The presently known notebook computers or handheld computers generally use a hinge to pivotally connect the display screen with the computer processor. When in use, users may unfold the display screen to see the screen. When not in use, fold the display screen upon the processor to shrink the size and make carrying and storing easier.
- SUMMARY OF THE INVENTION
The pivotal connection for the display screen and processor set forth above mostly is done through a hinge. A conventional hinge generally consists of a pivot pin and two knuckle sleeves pivotally engaged with the pivot pin. The pivot pin may be disposed on the display screen or the processor. The knuckle sleeves may also be fastened to the display screen or the processor. How to make the arrangement of the pivot pin and knuckle sleeves depends on producers' design. Nevertheless, during turning, the hinge usually is under two states. In the first state, the pivot pin remains stationary and the knuckle sleeves are turning.
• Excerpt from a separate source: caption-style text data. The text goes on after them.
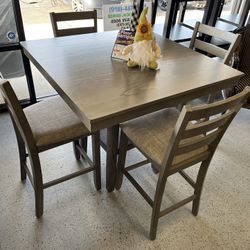 Furniture, Dining Table Chair, Tv Stand Coffee Table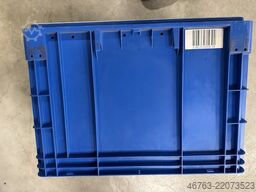 jöma GmbH jöma GmbH jöma GmbH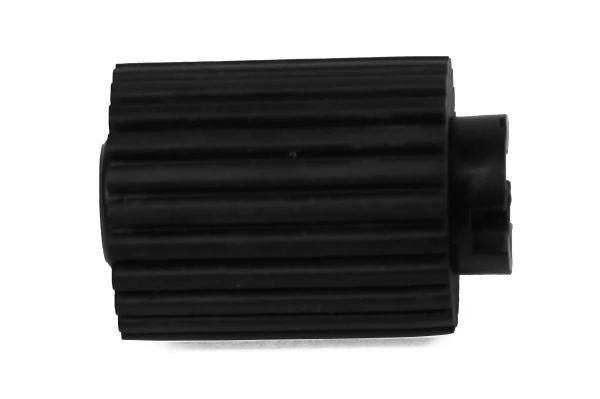 Ролик захвата (предподачи) бумаги из лотка NVP для KonicaMinolta Bizhub C221/C281/C7122/C7128/C258/C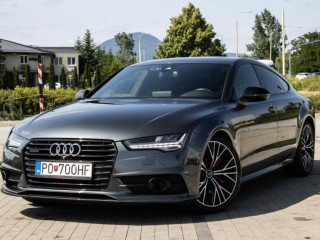 audi-a7-sportback-competition-30-tdi-quattro-326k-tiptronic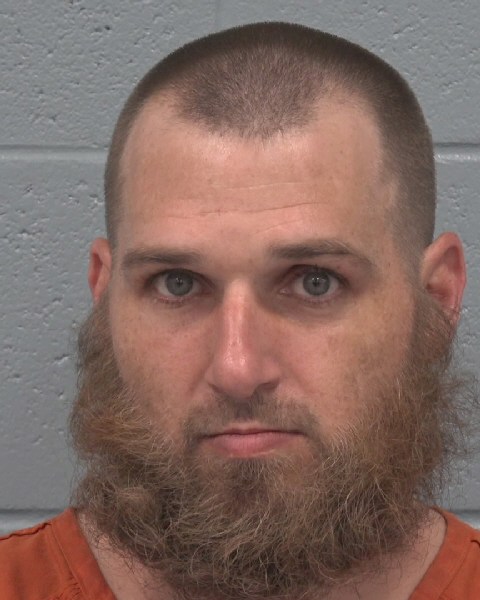 Mugshot of JASON LEWIS DUNN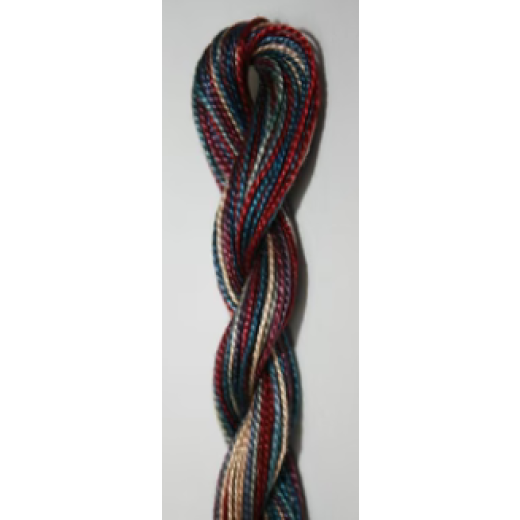 Caron Wildflowers - 321 Kelsch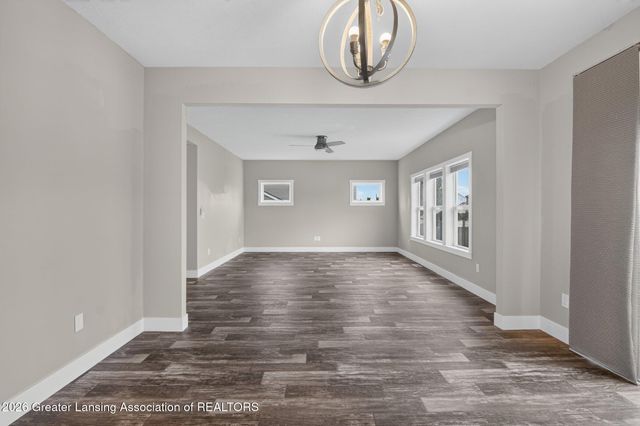 1928 Boysenberry Lane, Holt, MI 48842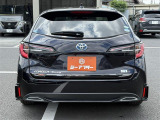 同業者様への販売はお断りさせていただきます。 車検無し車両の場合は、車検を取得したお支払い総額で表示しております。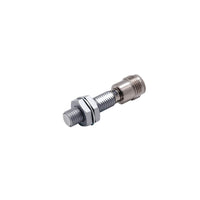 E2E-X2B1D8-M1 Omron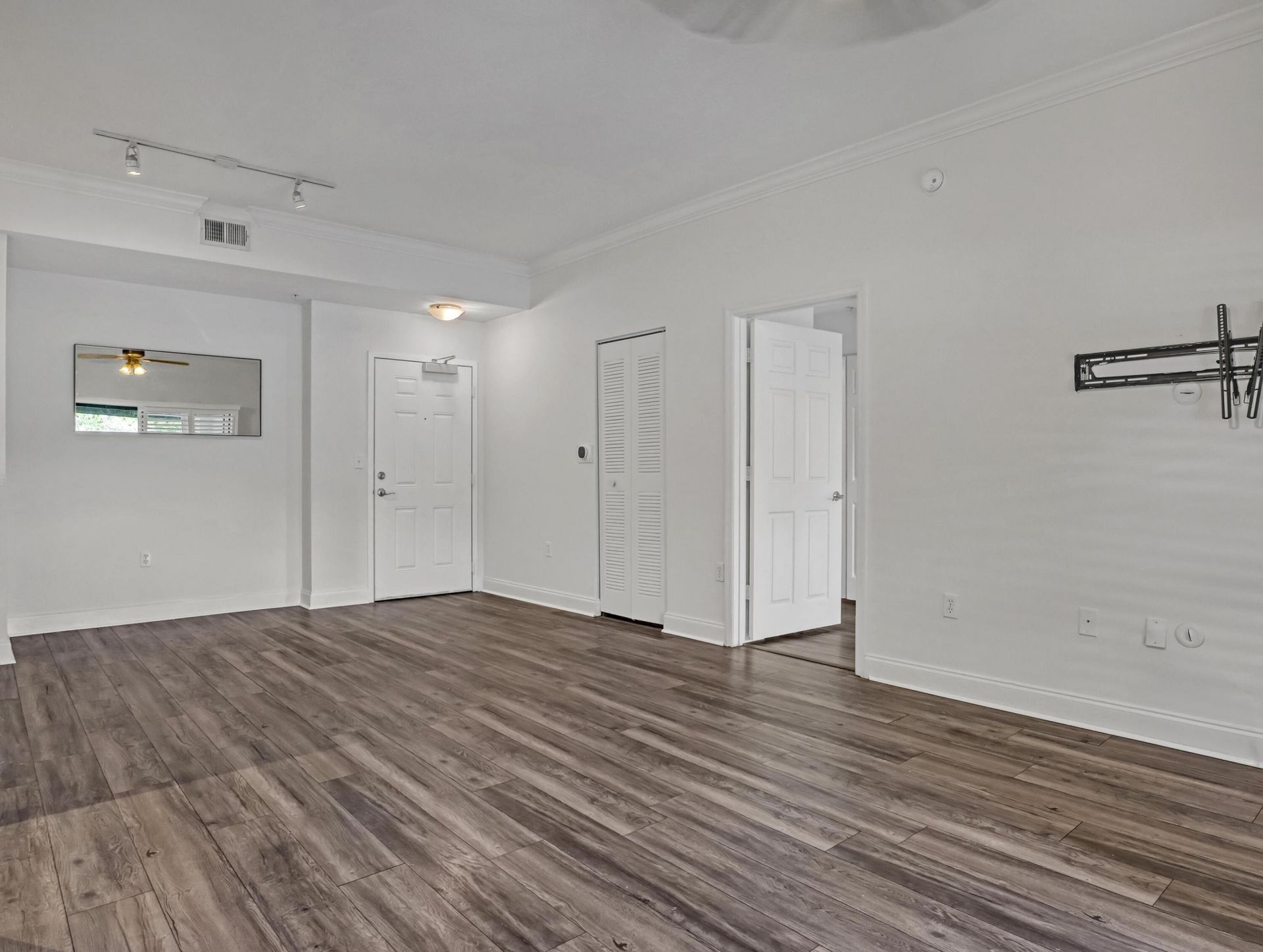 4903 Midtown Lane, Unit 3114, Palm Beach Gardens, FL 33418 Photo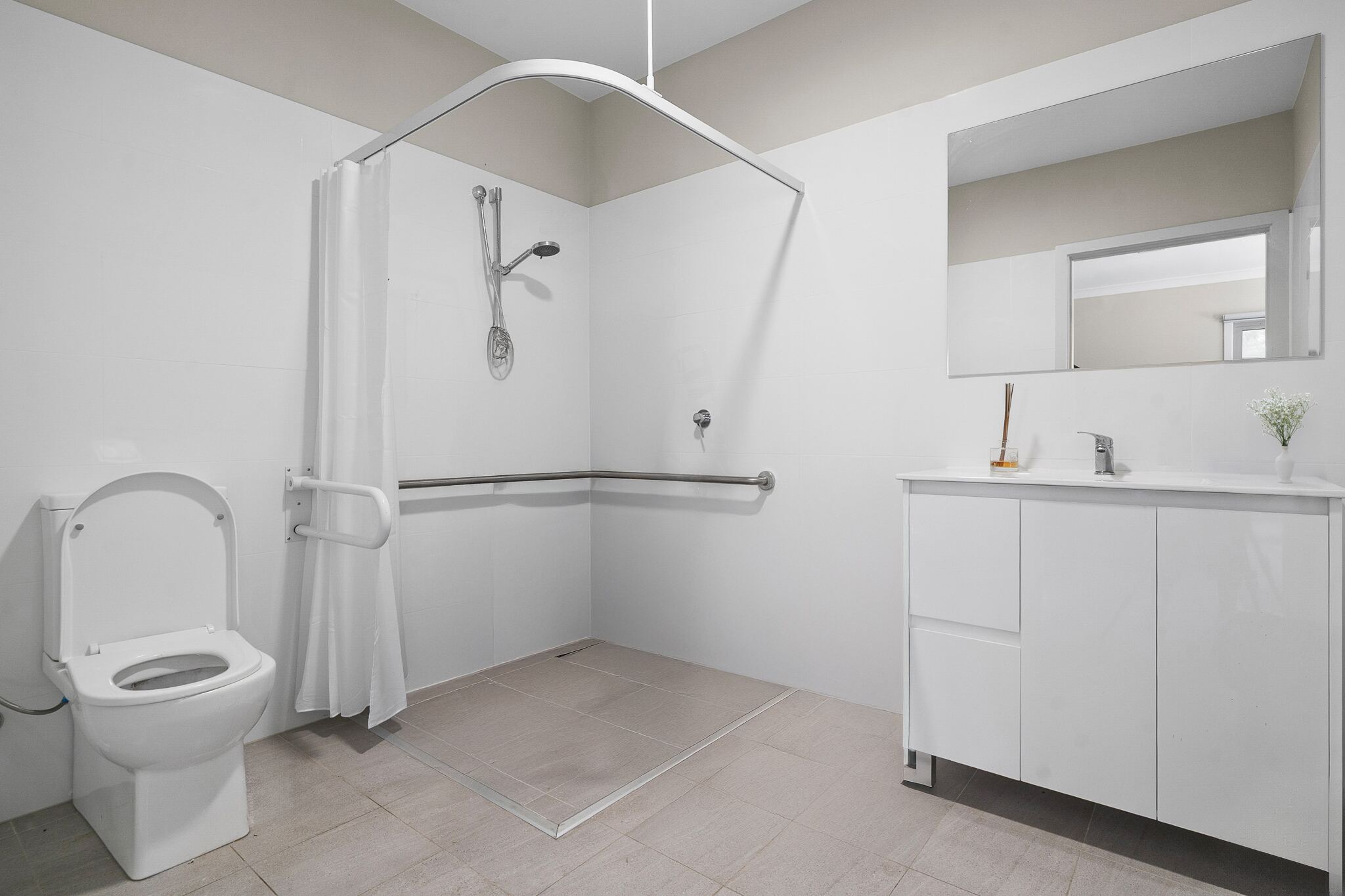 Toongabbie, NSW 2146 — Home image 10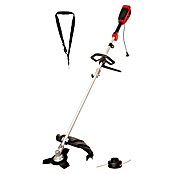 Hurricane Recortabordes eléctrico HEF-I-1200 (1.200 W, Ancho de corte hilo: 42 cm, Ancho de corte cuchilla: 25,5 cm) | BAUHAUS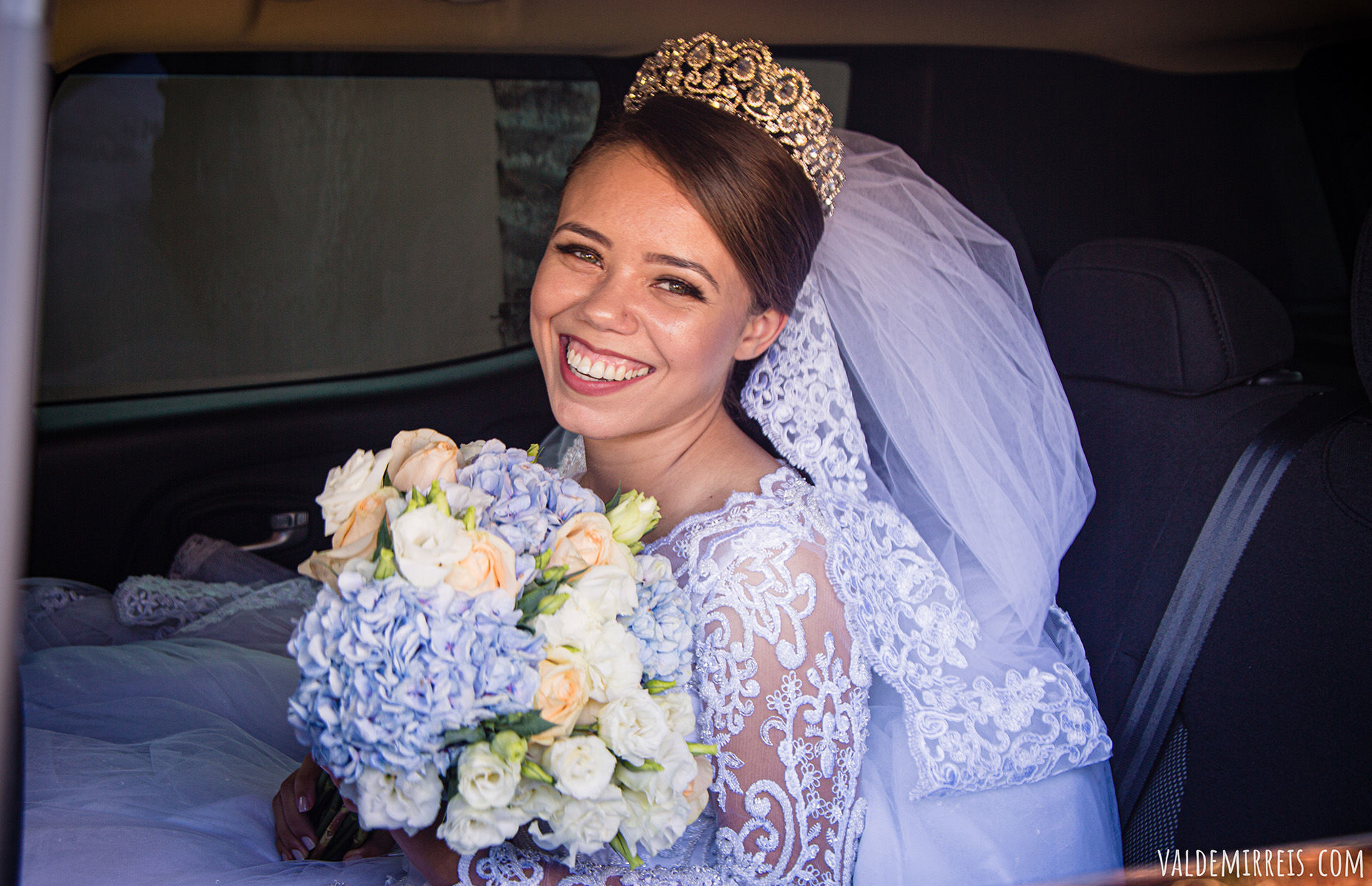 Foto Fotografia de Casamento Santa Felicidade Eventos | São José do Rio Preto SP | Michely + Gabriel Foto Fotografia de Casamento Santa Felicidade Eventos | São José do Rio Preto SP | Michely + Gabriel - Imagem 129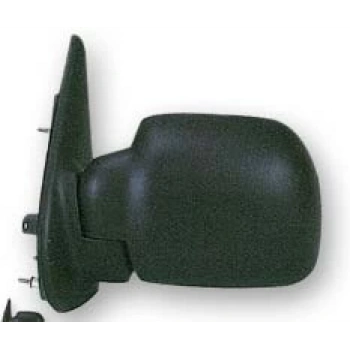 1998-2003 Renault Kangoo Kapı Aynası Sol Elektrikli (Famella) (Adet) (Oem No:7700304834)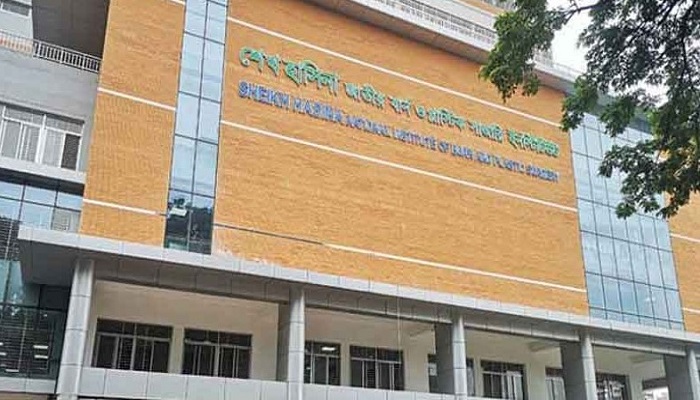 নারায়ণগঞ্জে চুলার আগুনে দগ্ধ নারীর মৃত্যু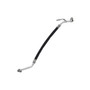 GPD Hose Suction Line 4814009 for 2015-2019 Ford 2.3L (Mustang)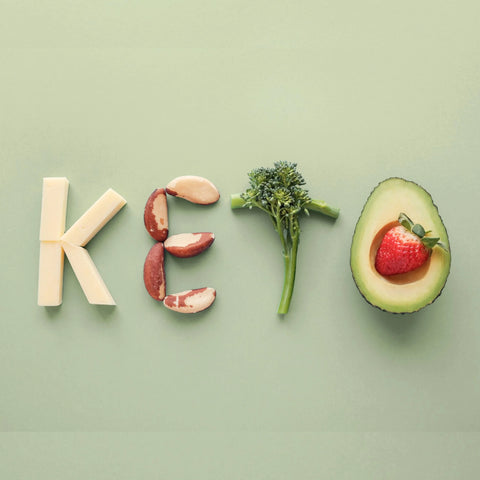 Keto
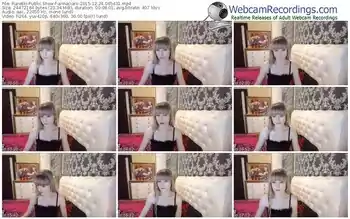 runetki-annaciaro-webcam-show-12_24_2015-06_54_31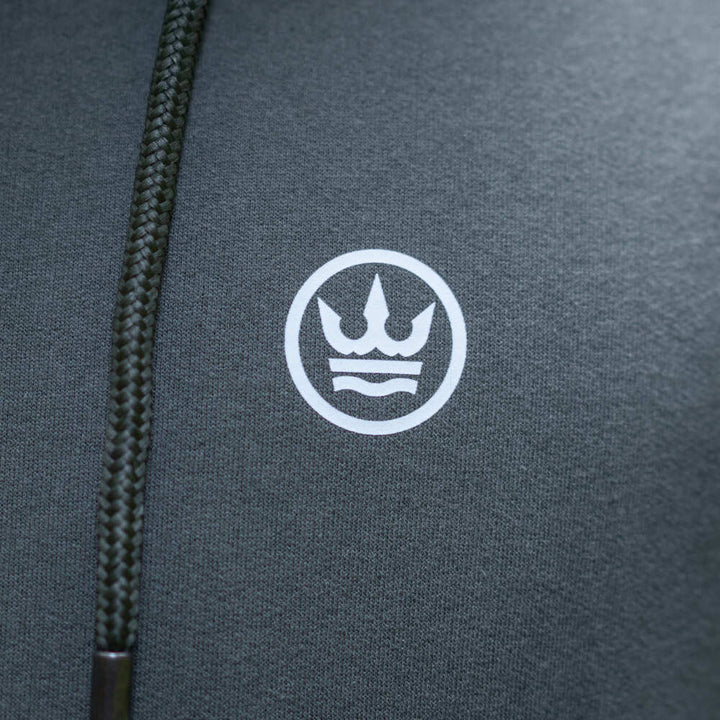 The Quest Hoodie - Various Colours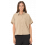 Camisa de mujer Jules Protect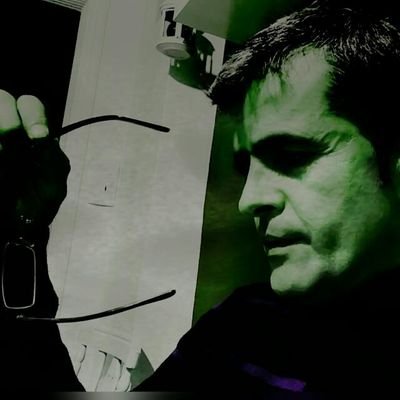Ferol37's profile picture. Allah var gam yok...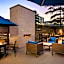 Atlanta Marriott Perimeter Center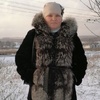 Евгения, 35, г.Прокопьевск Евгения, 35, г.Прокопьевск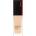 Shiseido Synchro Skin Radiant Lifting Foundation Advanced озаряващ лифтинг грим SPF 30 цвят 130 Opal 30ml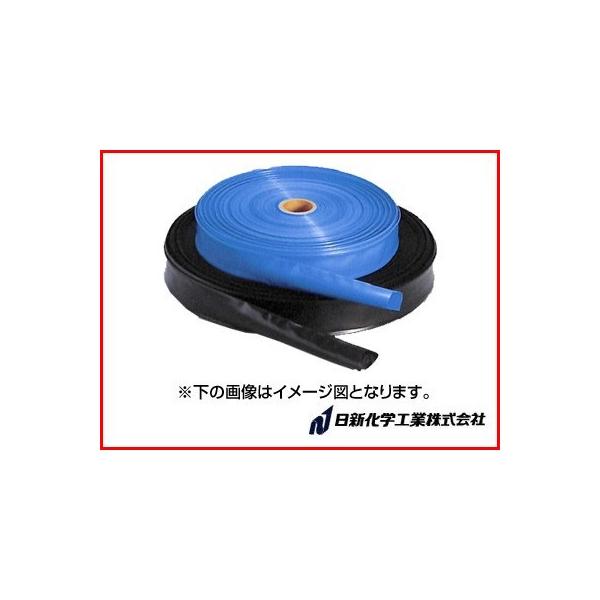 �����`���[�u �G�R�`���[�u �����`���[�u ���V���w�H�� �󐅃`���[�u ECO�`���[�u �� ����0.2mmX��50mmX����200m ���ʁ���(���[�U�[�E) �s�b�`150mm 75mm�`�h��
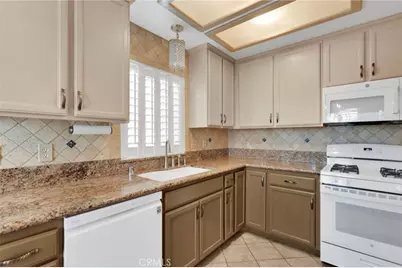 19055 Stoddard, Apple Valley, CA 92308 - Photo 11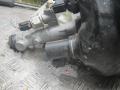 вакуумный усилитель тормозов Mercedes-Benz C-Класс W203/S203/CL203 2003, 2.2 л., АКПП, универсал, A0054304730 - фото №3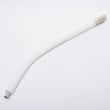Drain Hose for Mitsubishi MSZ-D36NA-8 - Part E12408702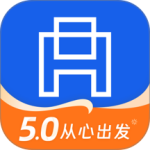 华安基金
In the second state the pivot pin is turning but the knuckle sleeves remain stationary. Either way will cause bi-directional friction wearing and metal fatigue. After repetitive using for a long period of time, the gap between the pivot pin peripheral diameter and the knuckle sleeves inner diameter will increase and result in wobbling and producing friction noise when folding or unfolding the display screen.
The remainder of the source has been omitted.